Written By Dr. Mitesh Mehta, EECP Consultant - Saaol Heart Center Surat.


 

What is Hypertension (High Blood Pressure)?


  Systolic Blood Pressure in mm of Hg Diastolic Blood Pressure in mm of Hg
Normal 120 80
Pre-Hypertensive 120-140 80-90
Hypertension Above 140 Above 90

Exact definition of high blood pressure is difficult. But in simple way, Systolic Blood pressure more than 140mm of Hg and/or diastolic blood pressure more than 90mm of Hg or if person is taking antihypertensive drugs is known as high blood pressure (hypertension).

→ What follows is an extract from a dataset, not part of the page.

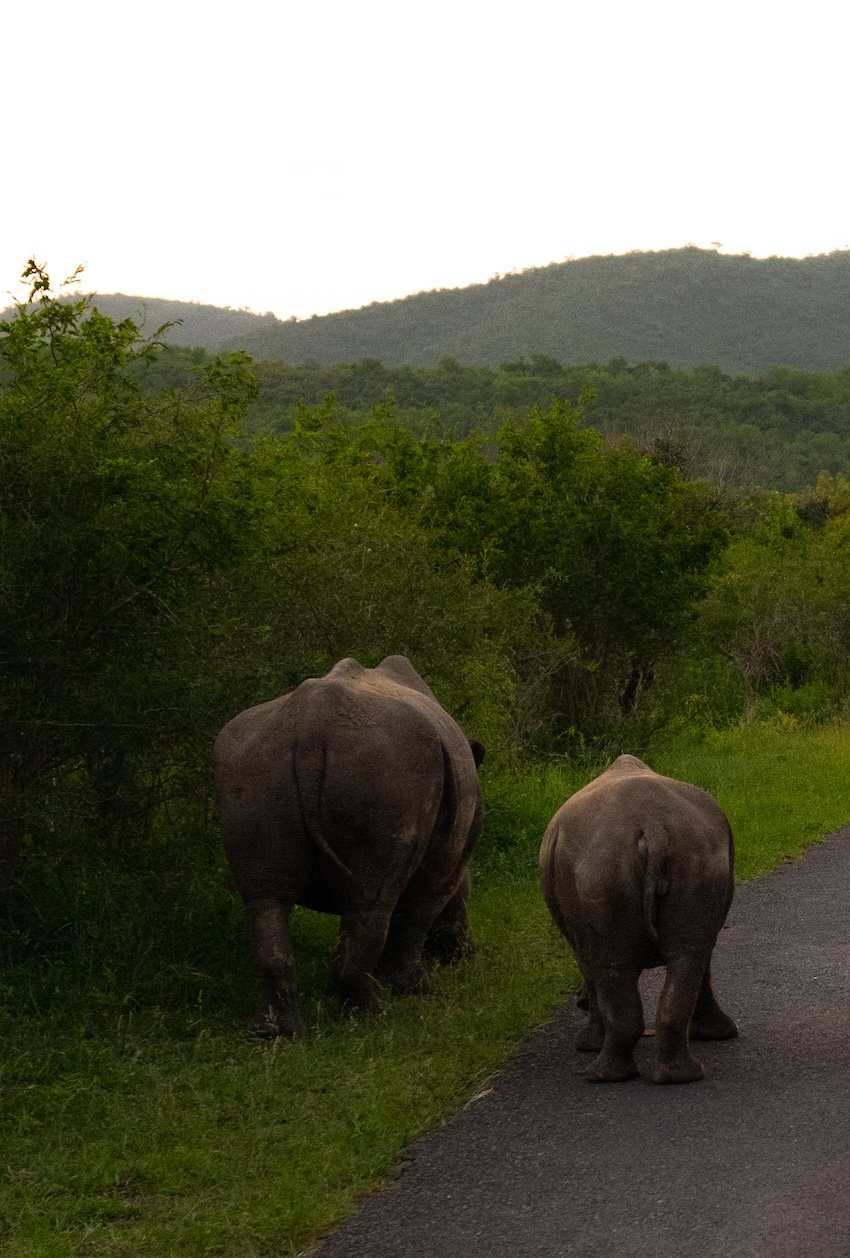 Rhino Ridge Lodge Hluhluwe-iMfolozi-Park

High blood pressure is a common condition in which long continued elevated pressure or force of blood against blood vessel (i.e. in artery) wall may eventually cause health problem, such as heart disease. Blood pressure is determined by the amount of blood heart pumps out and the amount of resistance to blood flow in blood vessels. The more blood heart pumps out and the narrower arteries, the higher will be blood pressure.

Risk factors causing high blood pressure:


Age: The risk of high blood pressure increase with age.

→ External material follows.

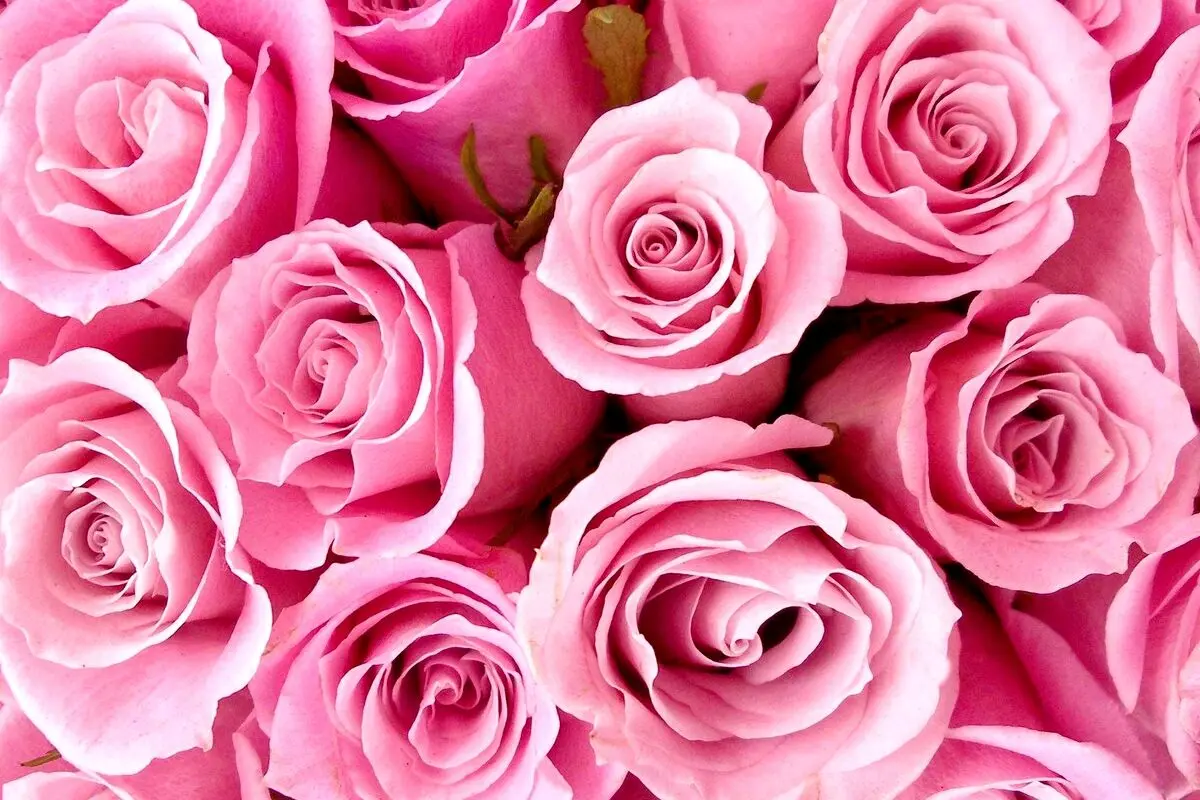 جملات شاعرانه و ادبی برای تبریک روز دختر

  • Obesity or Overweight: As weight increases body demands for more oxygen and nutrients, so supply of blood to tissues increases. As the volume of blood circulated through your blood vessels increases, so does the pressure on blood vessel increases.
  • Metabolic syndrome causes: elevated LDL Cholesterol (Morethan 100mg/dl), or low HDL Cholesterol (lessthan 40mg/dl), increased triglyceride (morethan150mg/dl), and Diabetes Mellitus.
  • Tobacco: Use of tobacco either in form of smoking or chewing will cause blood pressure. The chemical substance in tobacco can damage the lining of blood vessels (particularly arteries) walls. This can cause narrowing of blood vessels and increases the risk of developing heart disease.
  • Too much salt (sodium) in diet will cause retention of fluid in body (therefore blood volume increases), which increases blood pressure.
  • Too little potassium in diet.
  • Stress: High level of stress can lead to temporary high blood pressure.
  • Lack of physical activity (i.e. sedentary lifestyle).

Signs & Symptoms:


One of the most dangerous aspects of hypertension is that you may not know that you have it (until some complication arises). In fact, nearly one-third of people who have high blood pressure don’t know it, as they remain asymptomatic, even if the blood pressure reaches dangerously high levels. If your blood pressure is extremely high, there may be certain symptoms to look out for, including:

  • Severe headache,
  • Fatigue,
  • Confusion,
  • Problem in vision,
  • Chest pain or discomfort,
  • Difficulty in breathing,
  • Irregular heartbeat,
  • Haematuria,
  • Epistaxis, etc…

These signs and symptoms are not specific and usually don’t occur until high blood pressure has reached a severe or life threatening stage. If you have any of these symptoms, see a doctor immediately. You could be having hypertensive crisis that could lead to a life threatening condition. Untreated or uncontrolled hypertension can lead to serious diseases such as stroke, heart disease, kidney failure and eye problems.

Treatments:


  • The goal of antihypertensive therapy is the reduction of cardiovascular and renal morbidity and mortality, with focus on controlling the blood pressure. 
  • Pre-hypertensive patient requires health promoting lifestyle modifications to prevent the progressive rise in blood pressure and cardiovascular disease. 
  • Regardless of therapy or care, hypertension will be controlled only if patients are motivated to stay on their treatment plan along with lifestyle modification measures. 
  • Patient whose blood pressure suddenly increases whenever they pays visit to doctor (is known as “white coat hypertension”) should monitor their blood pressure at home. 
  • Many therapeutic agents can be used for the pharmacologic management of hypertension. For treatment of hypertension drugs used are: Diuretics, ACE Inhibitors, ARBs, Beta-blockers, and Calcium channel blockers. 
  • Sometimes multiple drug therapy is generally required to achieve blood pressure targets.

Instructions For Patients (LifeStyle Modificataion):


  • Hypertension is a lifelong disorder. For optimal control, a long term commitment to lifestyle modification along with medicine is required (which will reduce cardiovascular risk factors).  
  • Weight control: an increase in body weight and waist circumference is associated with an increased risk of developing conditions with high cardiovascular risk, such as hypertension, diabetes mellitus, and left ventricular hypertrophy.  
  • Appropriate amount of aerobic physical activity at least 30 minutes daily should be done for weight reduction.  
  • Diet - low in salt or salt restricted diet should be taken and avoid intake of fatty food.  
  • Increase dietary intake of green leafy vegetables and fruits.  
  • Say NO to alcohol consumption, smoking, tobacco chewing, and use narcotic substances such as cocaine.